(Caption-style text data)
+===+
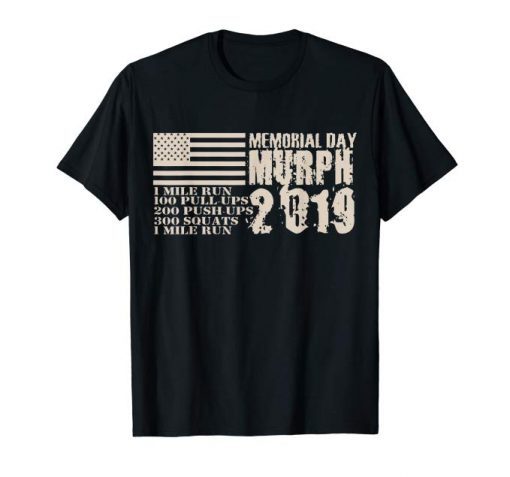 Memorial Day Murph Shirt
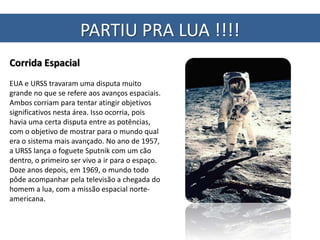 PARTIU PRA LUA !!!!
Corrida Espacial
EUA e URSS travaram uma disputa muito
grande no que se refere aos avanços espaciais.
Ambos corriam para tentar atingir objetivos
significativos nesta área. Isso ocorria, pois
havia uma certa disputa entre as potências,
com o objetivo de mostrar para o mundo qual
era o sistema mais avançado. No ano de 1957,
a URSS lança o foguete Sputnik com um cão
dentro, o primeiro ser vivo a ir para o espaço.
Doze anos depois, em 1969, o mundo todo
pôde acompanhar pela televisão a chegada do
homem a lua, com a missão espacial norte-
americana.
 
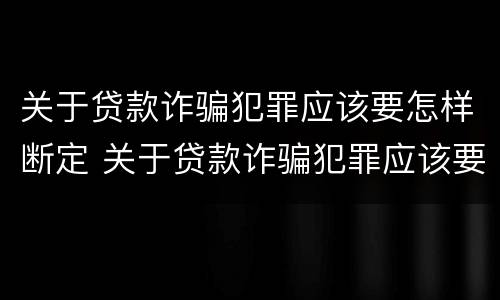 关于贷款诈骗犯罪应该要怎样断定 关于贷款诈骗犯罪应该要怎样断定罪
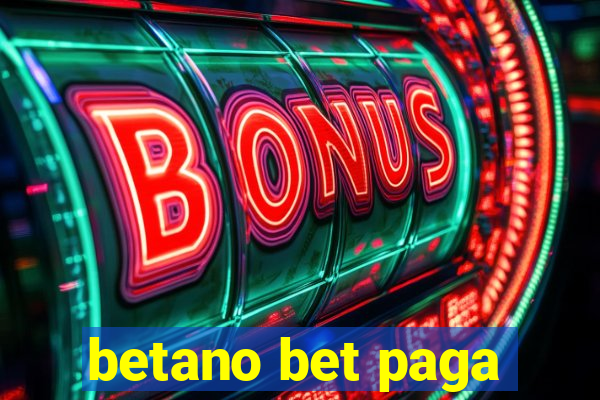 betano bet paga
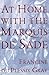 At Home with the Marquis De Sade: A Life
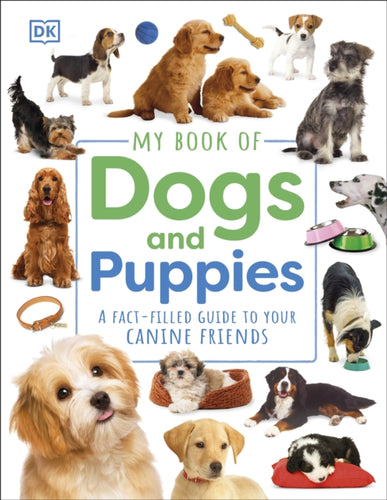 My Book of Dogs and Puppies : A Fact-Filled Guide to Your Canine Friends - 9780241598320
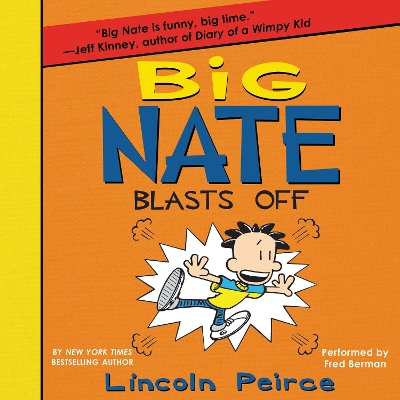 Big Nate Blasts off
+===+
## [What is needed]
This exercise calls for the records to be given again exactly, without the images.

## [Completed exercise]
 Memorial Day Murph Shirt
 PARTIU PRA LUA !!!!
Corrida Espacial
EUA e URSS travaram uma disputa muito
grande no que se refere aos avanços espaciais.
Ambos corriam para tentar atingir objetivos
significativos nesta área. Isso ocorria, pois
havia uma certa disputa entre as potências,
com o objetivo de mostrar para o mundo qual
era o sistema mais avançado. No ano de 1957,
a URSS lança o foguete Sputnik com um cão
dentro, o primeiro ser vivo a ir para o espaço.
Doze anos depois, em 1969, o mundo todo
pôde acompanhar pela televisão a chegada do
homem a lua, com a missão espacial norte-
americana.
 
 关于贷款诈骗犯罪应该要怎样断定 关于贷款诈骗犯罪应该要怎样断定罪
 betano bet paga
 At Home with the Marquis De Sade: A Life
 My Book of Dogs and Puppies : A Fact-Filled Guide to Your Canine Friends - 9780241598320
 Big Nate Blasts off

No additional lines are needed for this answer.